Very illustrative in this sense is an episode from A Raw Youth novel, where Makar Dolgoruky tells a story about the soldier, who robbed a man and confessed to the crime. Through the efforts of the attorney, the soldier was declared not guilty by the jury. But after release from prison, the soldier hanged himself. Finishing the story, Dolgoruky says: "That's what it is to live with sin on the soul" [Dostoevskii 1975: 310].
The idea that inner trial is superior to "mechanical" trial is also manifested in the novel The Karamazov Brothers. The Elder Zosima, whom Eleazar Meletinsky characterized as "the highest expression of ecclesiasticism" and "centre of fair justice" [Meletinskii 2001: 174], views the "recognition of sin by conscience" as the only true punishment [Dostoevskii 1976: 59]. From the viewpoint of Dostoevsky, the release from the burden of the deed can be achieved only after the imposition of punishment, and it is exactly what the judicial system, too concentrated on the milieu theory, could not provide.
In A Writer's Diary (1873], the issues of milieu (environment) were discussed in a separate article [Dostoevskii 1980]. Dostoevsky strongly criticized the widely spread practice of jury courts to approach a crime as an effect of the negative influence of the adverse milieu on a defendant Dostoyevsky believed this view to be profoundly humiliating and inconsistent with Christianity, which "places a moral duty on the individual to struggle with the environment" [Dostoevskii 1980: 16].
Attorneys were unfavourably depicted by Dostoevsky in prose, letters and A Writer's Diary. He persistently called them the "conscience for hire" (e.g. [Dostoevskii 1975]]. His statements about specific cases, for example, the Case of Sarra Modebadze, were remarkably prejudiced as Dostoevsky regarded neither arguments nor facts [Dostoevskii 1988: 58-59]. Forensic speeches and eloquence, in general, are associated in his texts with idle, senseless talks. A court turns into a place where one can "make a scandal" and "make a speech" [Dostoevskii 1974: 250, 512] but not ascertain the truth.
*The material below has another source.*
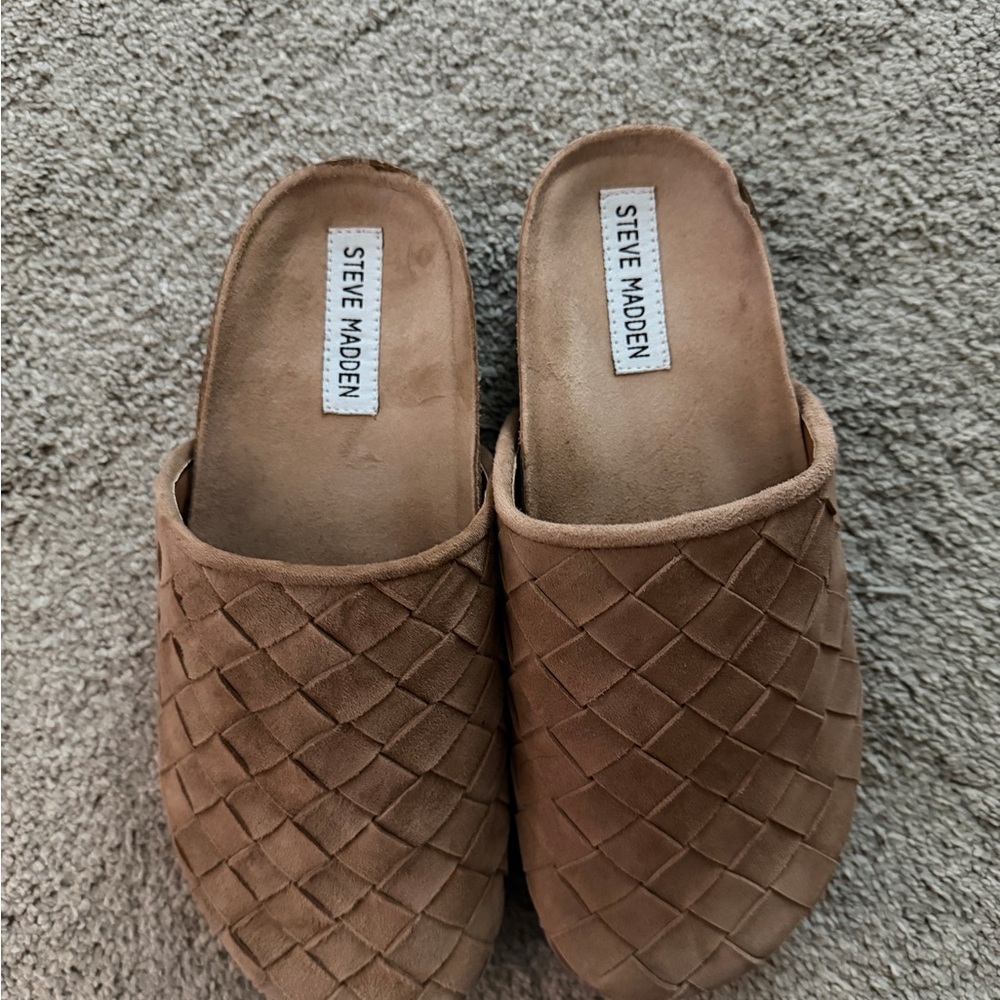Steve Madden Tan Slip-On Loafers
Dostoyevsky caricatured forensic eloquence in The Karamazov Brothers. Fetyukovich, who had real-life models (Vladimir Spasovich and Petr Alexan-drov] [Grossman 2015: 39], is ridiculous because he tries to appeal to morality and Christian truth. The defence attorney tries to behave like a writer, an unselfish defender of moral principles and an advocatus Dei. "Conscience for hire" appeals to the real one, and that is absurd.
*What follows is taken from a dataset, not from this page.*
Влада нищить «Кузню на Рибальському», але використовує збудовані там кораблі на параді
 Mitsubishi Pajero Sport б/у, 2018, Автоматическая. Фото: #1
It should be noted that Fetyukovich's speech may be viewed as Dosto-evsky's self-parody. Instead of dodgy logic, which Dostoevsky tries to ridicule, the attorney reveals double personality. With an incredible speed, unusual for
forensic eloquence, his thoughts rush between pro et contra. It creates an impression of a fast exchange of utterances between a mentally ill person and their double. It has very little in common with sermocination as "a form of prosopopoeia in which speaker answers the remarks or questions of a pretended interlocutor" [Lanham 1968: 92].
In forensic speeches of Dostoyevsky's contemporaries, such rhetorical devices as sermocination and hypophora ("raising questions and answering them" [Lanham 1968: 57]] functioned mainly as elements, which organized the structure of speech. They were used to introduce the new aspect of a topic, provide a detailed answer and anticipate objections and counterarguments. They were used this way, for example, by A. Koni in his speech delivered in 1872 during the hearings of the case of the peasant woman Emelyanova, drowned by her spouse [Koni 2000]. Sermocinations and hypophoras in Fetyulovich's speech are haphazardly arranged, and, as a result, the whole speech seems to be a little chaotic. Some of its fragments are just accumulations of questions that remain unanswered. It creates the effect of double personality, which has nothing in common with a dialogue.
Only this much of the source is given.